Es sei für Norris "nicht unmöglich, aber eine gigantische Aufgabe", 2024 noch Weltmeister zu werden. Hamilton sagt: McLaren habe "zwei sehr starke Fahrer, die letztendlich dazu in der Lage sind, um die WM zu fahren. Ein Auto könnte es wirklich schaffen, und das andere kann einen Haufen Punkte holen. Sie haben sicher eine Basis, mit der man arbeiten kann."

Nicht weiter geärgert hat sich Hamilton über Norris' Verhalten unmittelbar nach dem für ihn aufwühlenden Rennen auf dem Hungaroring vor einer Woche. Norris kam in den sogenannten Podiumraum und warf dort aus der Emotion heraus gleich mal seine Platz-2-Kappe auf den Boden. Und dann kam es auch noch zu einem kleinen Wortgefecht.

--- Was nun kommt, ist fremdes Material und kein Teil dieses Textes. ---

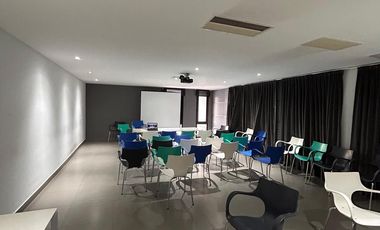 Oficina en venta - 1 Ambiente - Cochera - Palermo
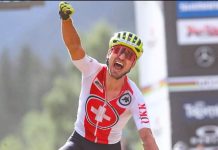 Val di Sole 2021 / Mondiali Mtb, le pagelle: Nino Schurter immenso, ma Flückiger ha sbagliato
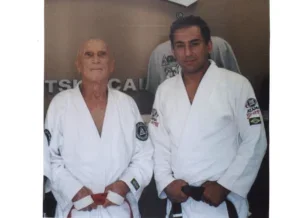 Marcellini's Martial Arts Academy facility image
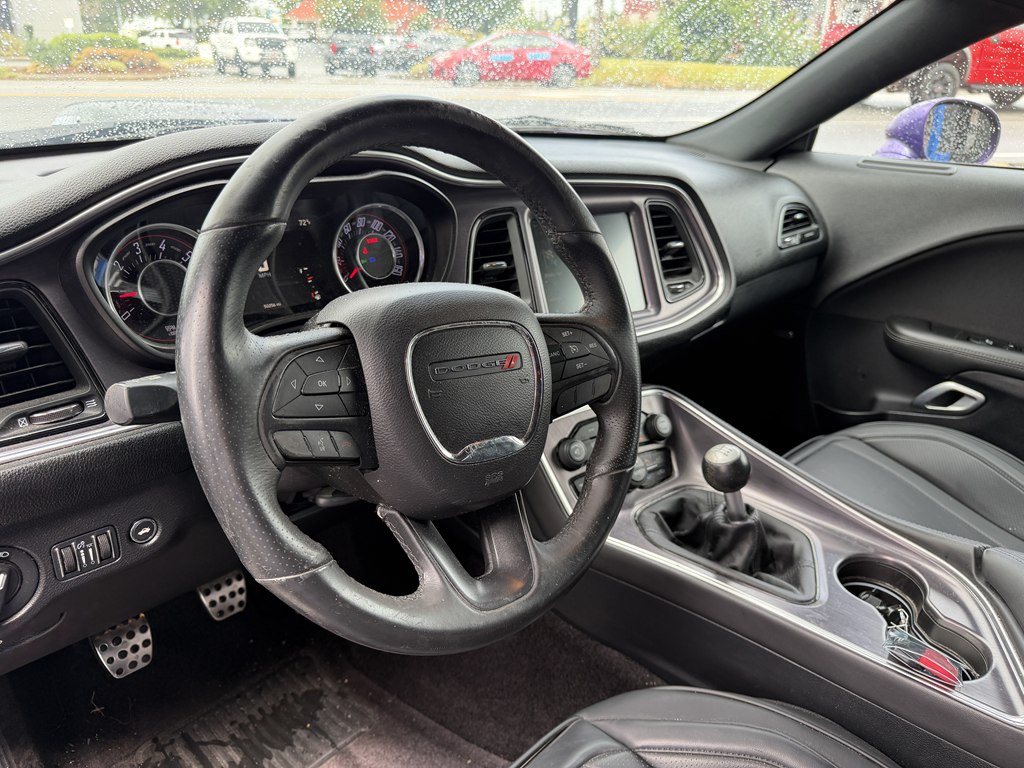 Photo 15 of this DODGE CHALLENGER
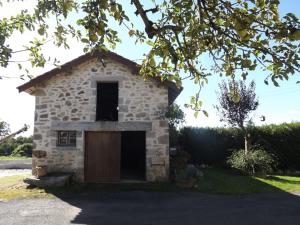 Maisons de vacances Gite Glenat, 3 pieces, 4 personnes - FR-1-742-29 : photos des chambres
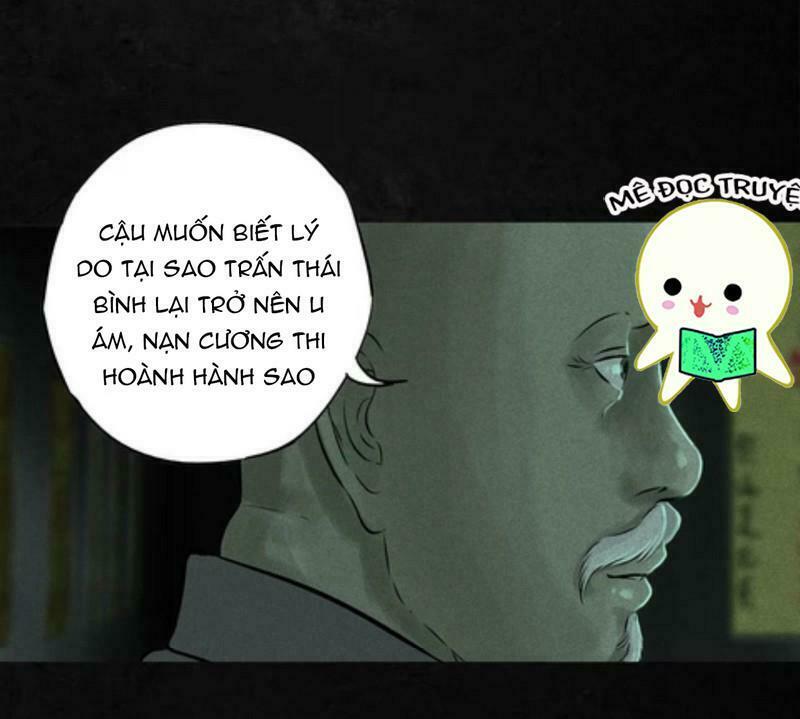 Thành đô 1995: Chapter 24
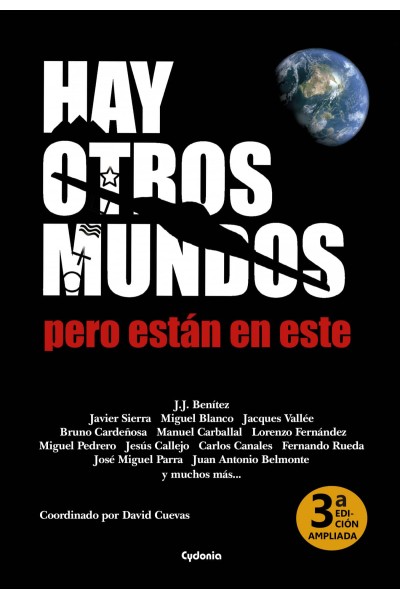 HAY OTROS MUNDOS PERO ESTAN EN ESTE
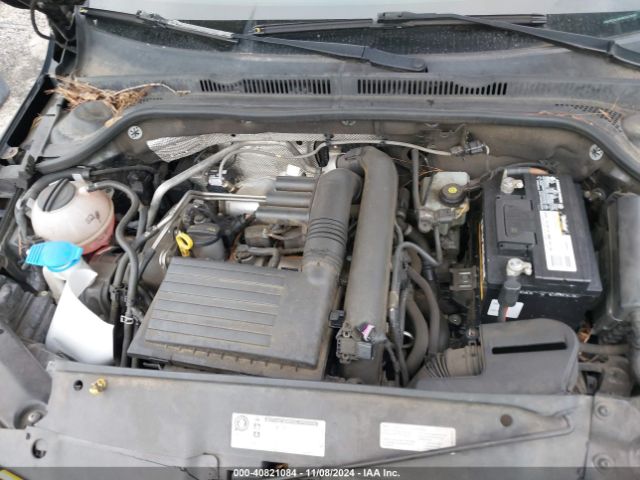 Photo 9 VIN: 3VW2B7AJ9HM323990 - VOLKSWAGEN JETTA 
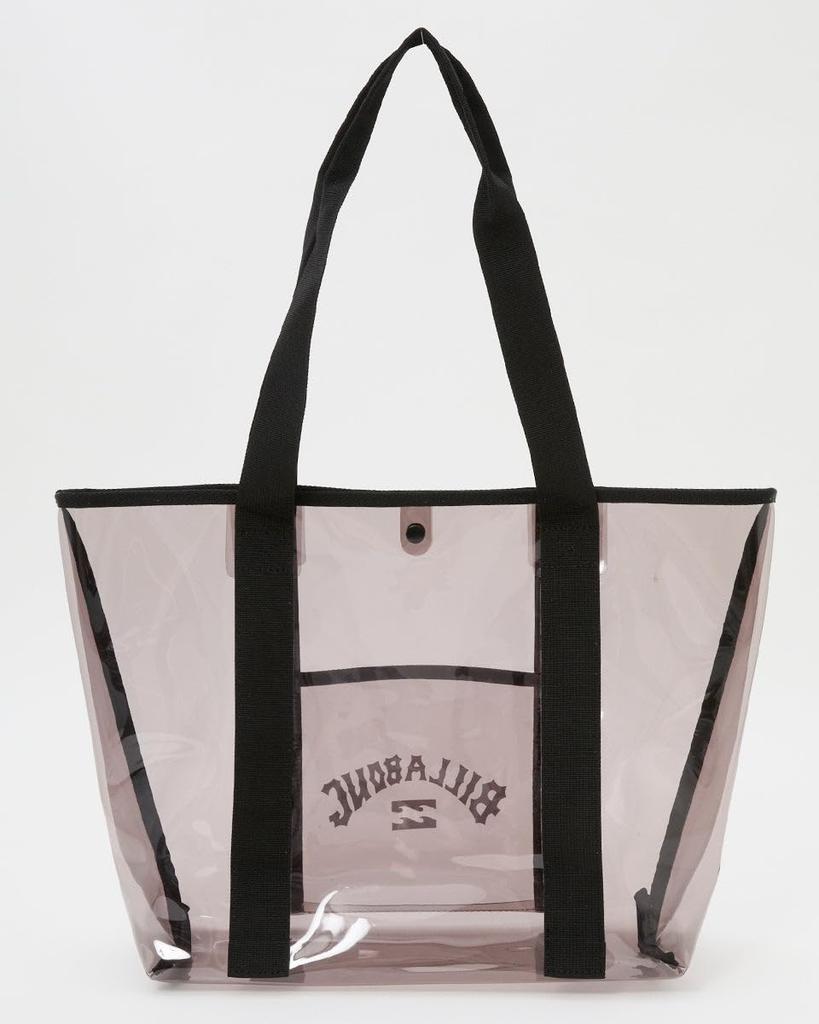 BEACH PVC SCHULTERTASCHE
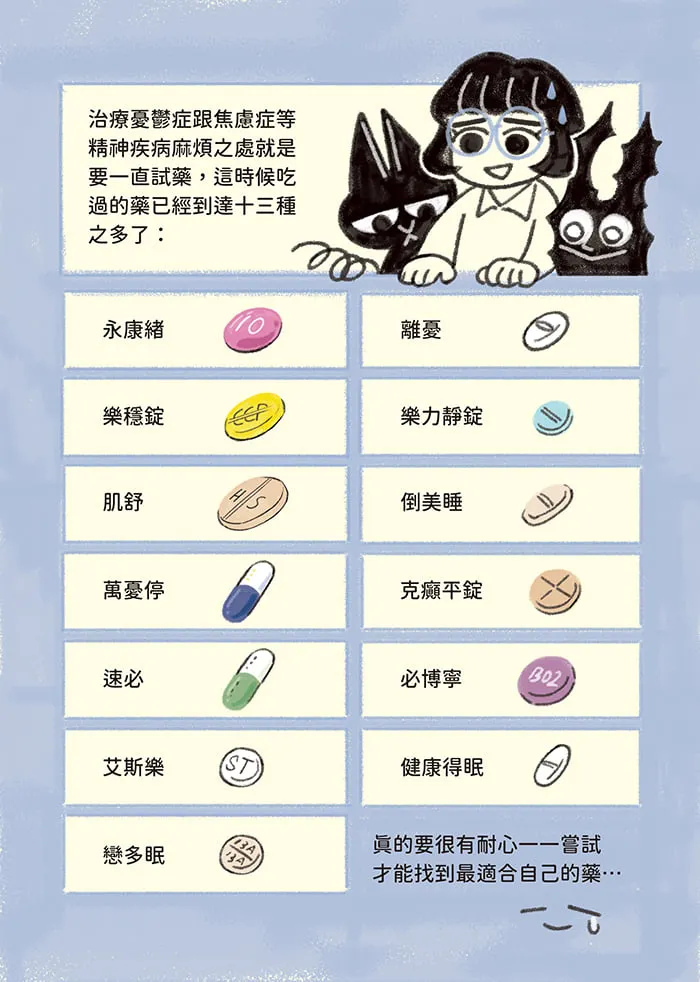 筆者吃的是導美睡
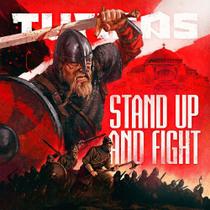Turisas Stand Up And Fight CD - Voice Music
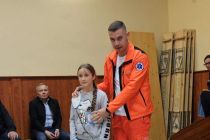 Novi defibrilator v Lukavcih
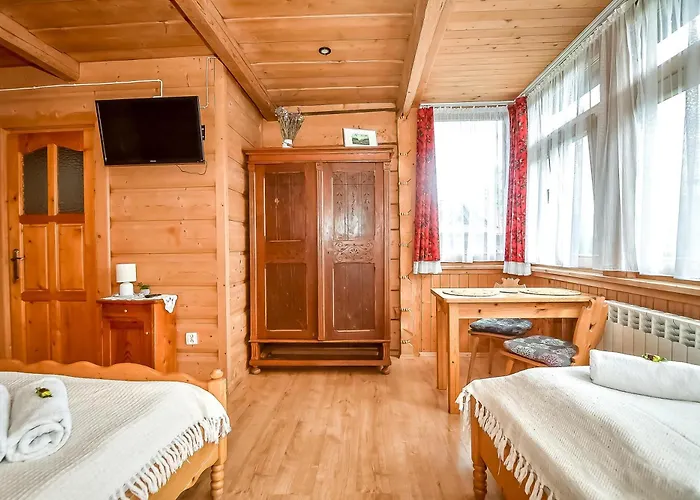 Regionalne U Ani Zakopane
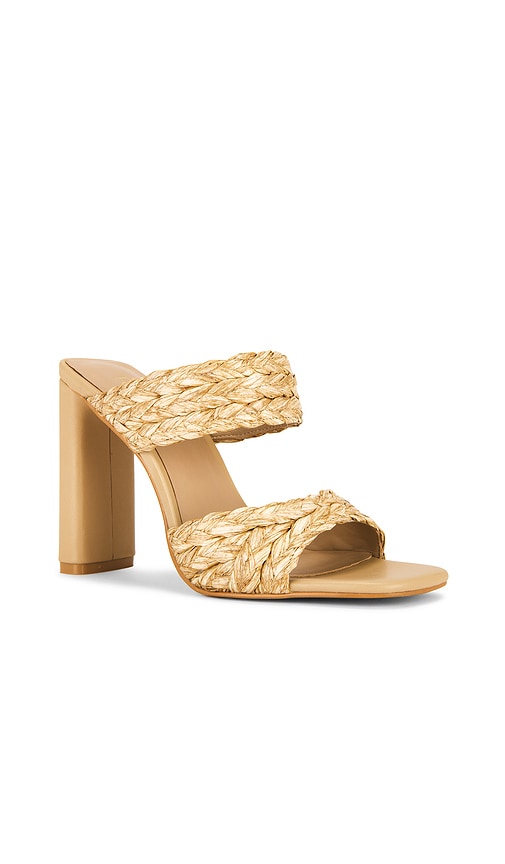 Raye Nantez Sandal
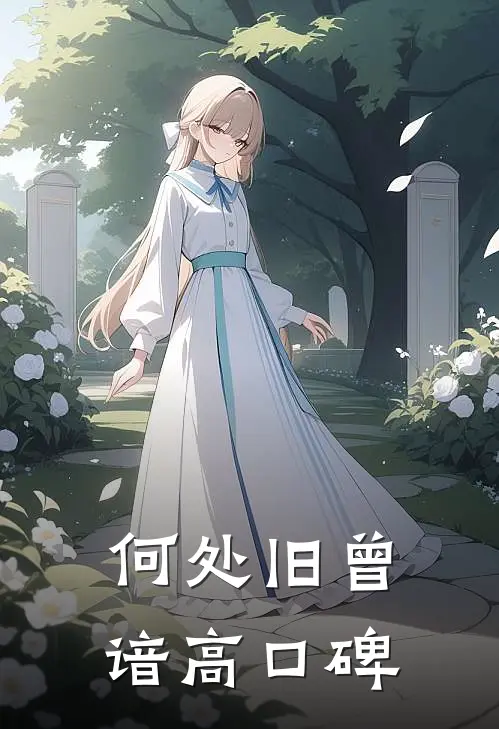 何处旧曾谙高口碑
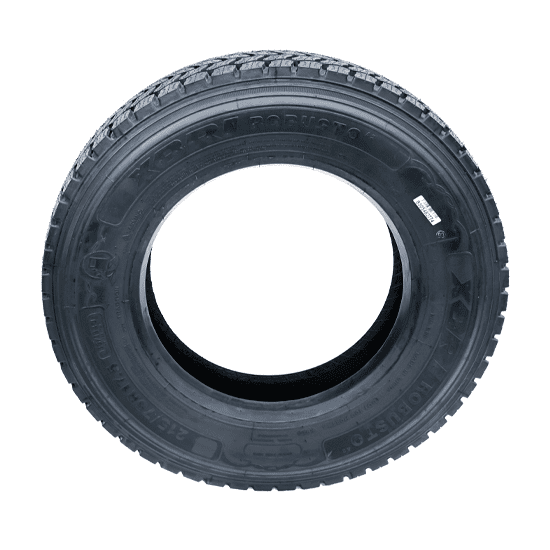 XBRI 215/75R17,5 16PR 135/133J TL ROBUSTO A2 / 165246 BORRACHUDO - Imagem 4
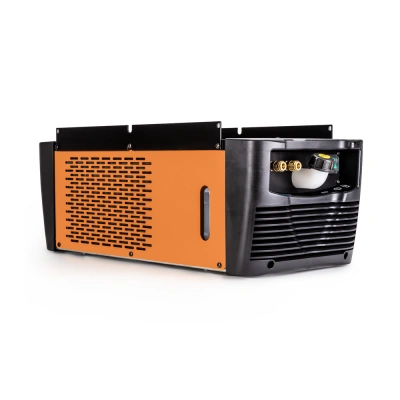 Блок охлаждения WECO CU 18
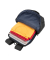 8435 Tegel schwarz Laptop Rucksack 15,6-16  ECO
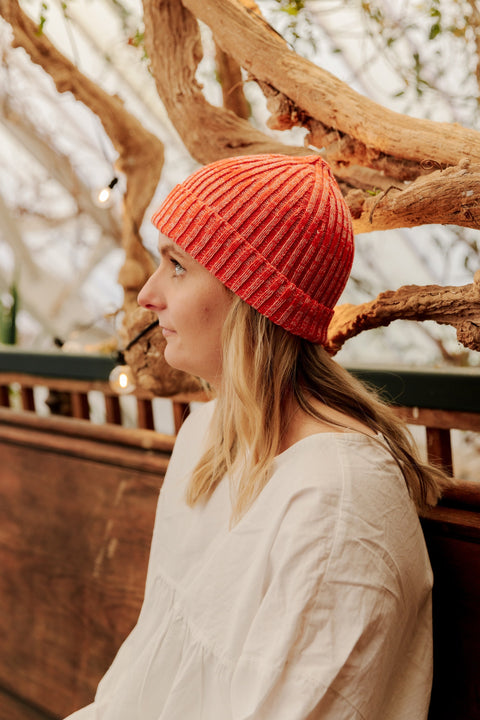 Fisherman Beanie Buoy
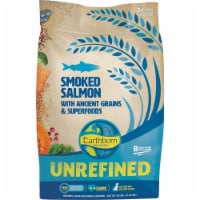 Midwestern Pet Food PF56012 25 lbs Earthborn Unrefined Salmon Dog Food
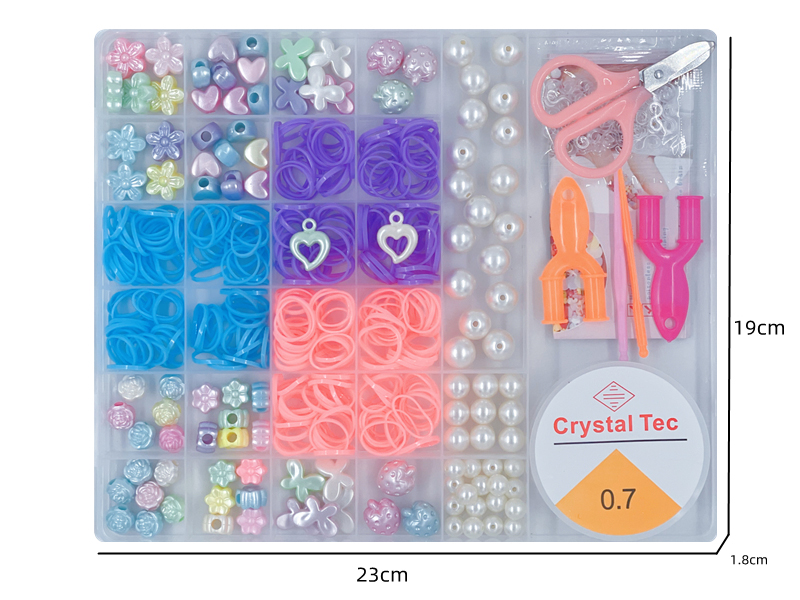 DIY Beads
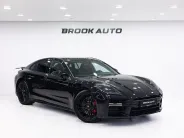 Porsche Panamera GTS III, 2025 — экстерьер, фото 3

"Wow, seid ihr schnell", sagte Hamilton, worauf sich Norris zu ihm umdrehte und fauchte: "Nun, du hattest vor sieben Jahren ein schnelles Auto, Kumpel." Wobei er wahrscheinlich "für sieben Jahre" und nicht "vor sieben Jahren" meinte. Hamilton blieb gelassen und konterte: "Vor sieben Jahren, das ist eine lange Zeit. Warst du vor sieben Jahren schon hier?"

Norris hatte jetzt immerhin ein Lächeln im Gesicht und beugte sich zu Boden, um die Kappe wieder aufzuheben. Er ließ Hamilton seinen Satz gar nicht zu Ende bringen und sagte: "Du hast das Beste draus gemacht, und jetzt sind wir dran." Worauf Hamilton nur noch antwortete: "Ich habe mich nicht beschwert. Ich habe nur eurem Auto ein Kompliment gemacht."

Hamilton wegen Norris-Auftritt nicht sauer

Ein Wortgefecht in der ersten Emotion, das Hamilton nicht zur Staatsaffäre machen möchte. Er relativiert mit einer Woche Distanz: "Es hat mich nicht gestört. Ich bin fast 40, und ich weiß noch, wie es war, als ich Mitte 20 war. Vieles, was ich damals gesagt habe, würde ich heute so nicht mehr sagen, oder mich anders verhalten."

"Wenn du nach einem Rennen bist, in dem du das Gefühl hattest, dass du es gewinnen hättest sollen, dann gehen deine Emotionen mit dir durch. Das ist eine Sache des Alters, und ich nehme es nicht persönlich. Wir sind alle Rennfahrer, und wir stehen alle unter Druck."

"Ich glaube, es braucht diesen Druck auch. Wenn du dir im Leben was vornimmst und scheiterst, und dann sagst du, es macht dir nichts aus und es ist gar nicht so tragisch, dann wirst du nie das erreichen, was du potenziell erreichen könntest. Kann man auch zu selbstkritisch sein? Klar. Ich wäre in seinem Alter wahrscheinlich drei Tage nicht mehr aus meinem Zimmer gekommen. Ich weiß, wie das ist."

Aber: "Das war nicht gesund für mich. Ich glaube nicht, dass sich Lando jetzt drei Tage in sein Zimmer eingesperrt hat, und ich hoffe, er tut das nicht. Ich glaube, es ist wichtig, dass er einfach so weitermacht. Er fährt großartig, sie haben ein großartiges Auto, und sie müssen einfach weiterhin als Team zusammenarbeiten."